Slow Stomach Emptying
Your stomach is supposed to grind food into a slurry and push it into the small intestine within a few hours. When the muscles of the stomach don’t contract properly, food lingers far longer than it should. This condition, called gastroparesis, causes persistent bloating, nausea, feeling full after only a few bites, and sometimes vomiting of food eaten hours earlier.
Diabetes is one of the more common causes, because high blood sugar over time can damage the nerves that control stomach muscles. But gastroparesis can also follow viral infections, surgery, or appear without any clear trigger. Doctors can measure stomach emptying speed with a scan that tracks a mildly radioactive meal as it moves through your system. If gastroparesis is the root cause, treating it directly is far more effective than treating the indigestion symptoms alone.
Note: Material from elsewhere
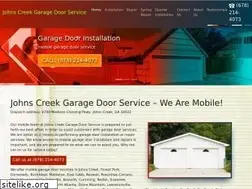 Sites similar to johnscreekgaragedoorrepair.net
Lifestyle Habits That Add Up
Smoking weakens the esophageal valve, increases acid production, and slows healing of any existing damage to the stomach lining. Alcohol does the same through overlapping mechanisms: it reduces valve tone, stimulates acid secretion, and delays gastric emptying all at once. Together, they create a compounding effect that makes indigestion both more frequent and harder to resolve.
Being overweight increases abdominal pressure, which pushes stomach contents upward toward the esophagus. Even modest weight loss can reduce symptoms noticeably. Wearing tight belts or waistbands has a milder version of the same effect. Eating quickly without chewing thoroughly forces the stomach to do more mechanical work, producing more acid and stretching more than it needs to.
When Indigestion Signals Something Serious
Most indigestion is uncomfortable but not dangerous. Certain symptoms, however, indicate that something beyond routine dyspepsia may be happening:
- Unintended weight loss or persistent loss of appetite
- Difficulty swallowing or the sensation of food getting stuck
- Vomiting blood or repeated vomiting
- Black, tarry stools (a sign of bleeding in the digestive tract)
- Severe or constant abdominal pain that doesn’t come and go
- Yellowing of the skin or eyes
- Unexplained fatigue or weakness
Any of these paired with indigestion warrants prompt medical evaluation, because they can point to ulcers, bleeding, or other conditions that need treatment beyond lifestyle changes.